Ebola is the 'biggest health problem facing our world in a generation.'No one can argue that the present Ebola outbreak is horrific and clearly having a terrible impact in some parts of Africa. However, two things struck me about this statement. Firstly, the Ebola outbreak has been around for some time, yet, it is only now that western governments, including our own and the USA, seem to be responding with anything approaching adequate resources. Could this be because we have one or two cases of the disease on our own shores and so now the illness is being taken seriously?
Secondly, and to my mind more importantly, is the Ebola outbreak really 'the biggest health problem facing our world in a generation'? I well remember the gradual emergence of news in the 1980s of a disease that was devastating parts of Africa and various communities in western countries. I remember the chilling government advert, accompanied by images of tombstones and John Hurt's voice, shown across the television channels. I remember meeting people my own age with AIDS who were at that time living under a death sentence. A couple of years ago in Kenya I was struck by how many public signs and warnings there were about the continued threat of HIV/AIDS. Is Ebola really a greater threat to the world than HIV/AIDS? Does this sort of hyperbole help or hinder in situations like the one we face at the moment with Ebola?

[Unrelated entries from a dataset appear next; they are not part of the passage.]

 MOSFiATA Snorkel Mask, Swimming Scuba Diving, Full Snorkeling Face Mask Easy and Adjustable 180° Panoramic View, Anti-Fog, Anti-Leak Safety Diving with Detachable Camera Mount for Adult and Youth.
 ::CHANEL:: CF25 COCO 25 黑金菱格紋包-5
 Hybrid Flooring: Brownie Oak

Then my attention was drawn to this graph by Paula Gooder which seems to suggest I was right in questioning the statement.

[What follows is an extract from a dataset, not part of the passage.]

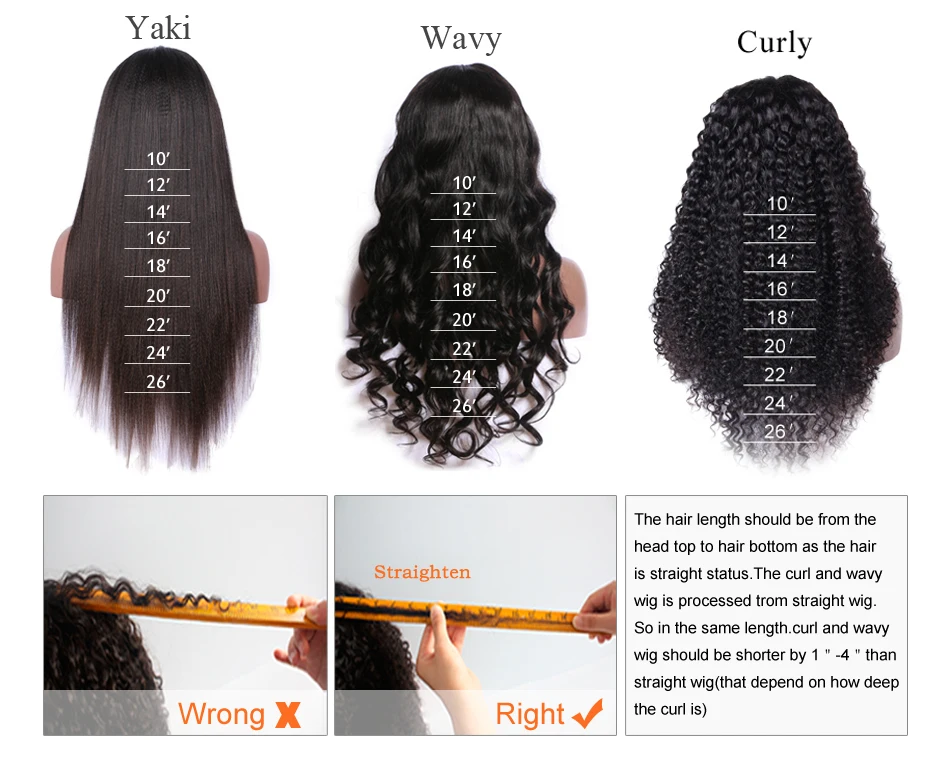 Apliques com cabelo humano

The NGO Water.org, co-founded by Matt Damon and Gary White, points out that 3.4 million people a year die as a result of a water related disease. This dwarfs the impact of Ebola and we have the means to address this problem, but of course it doesn't really impact on most of us living in the west.

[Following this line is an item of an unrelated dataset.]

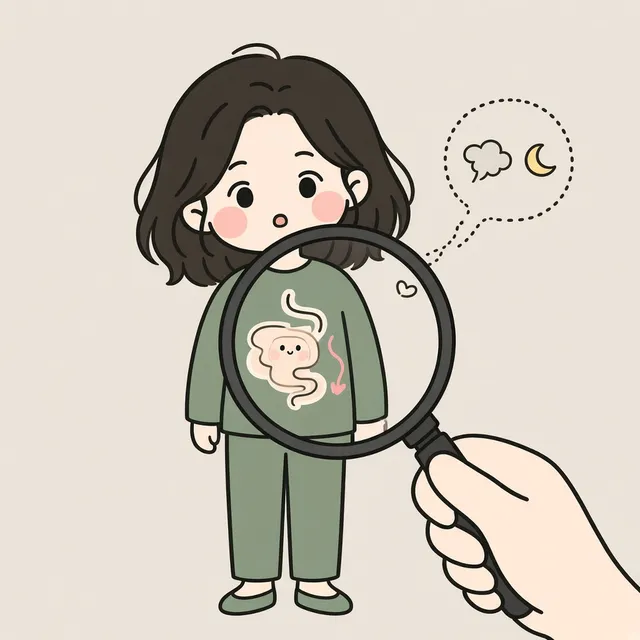 Illustration: specialist looking at the whole body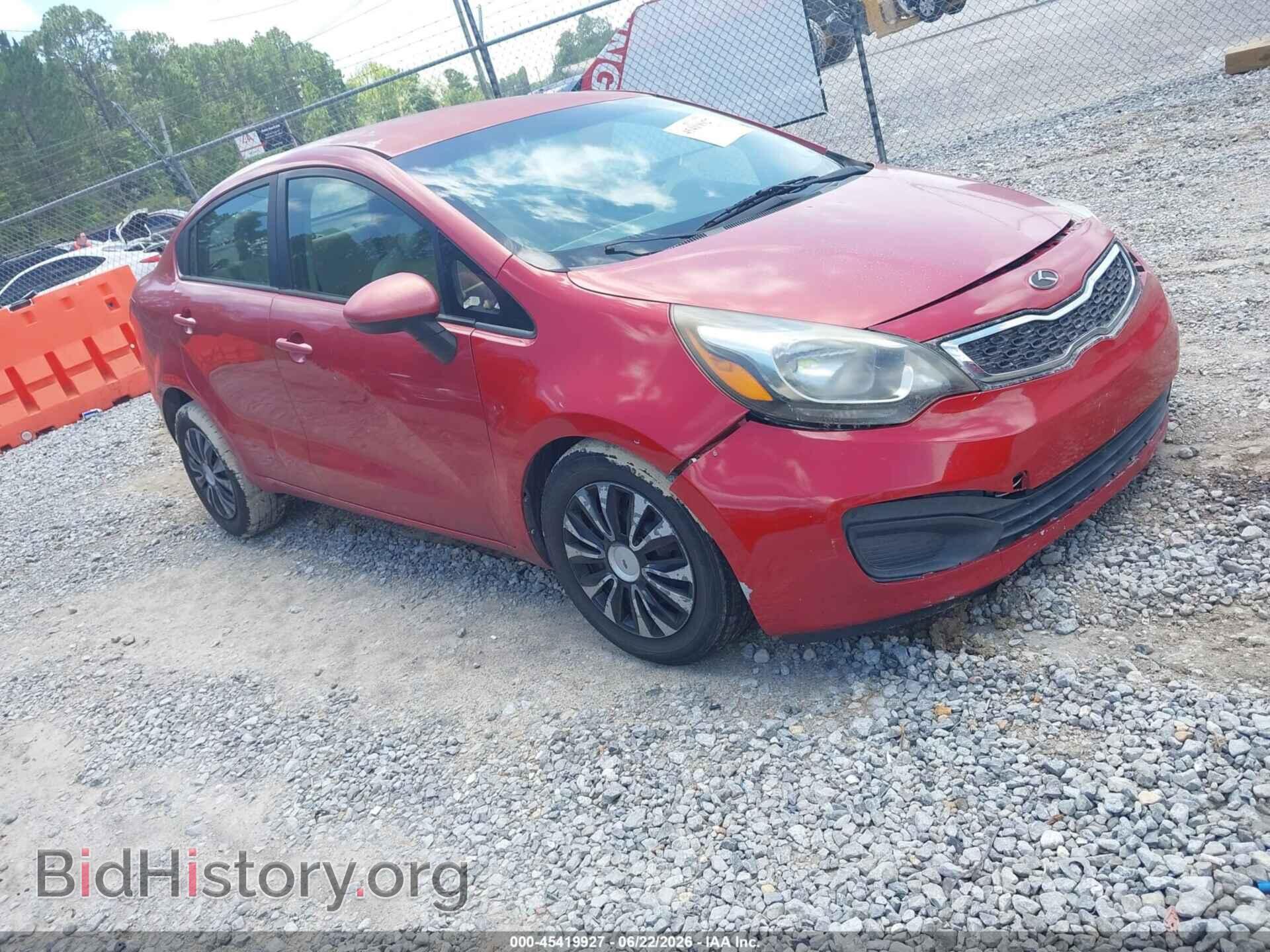 Фотография KNADN4A37D6303828 - KIA RIO 2013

I'm pleased that David Cameron and Barack Obama are finally addressing the Ebola outbreak and its impact on various countries in Africa. I support the allocation of resources to deal with the crisis and want to see other countries respond in the same way. But when the Ebola crisis is over I also hope that our governments are prepared to invest the same commitment of time, energy and resources to the other much 'bigger' health problems facing the world in our generation, even if they don't pose the same threat directly to us as they do to our brothers and sisters in other parts of our world.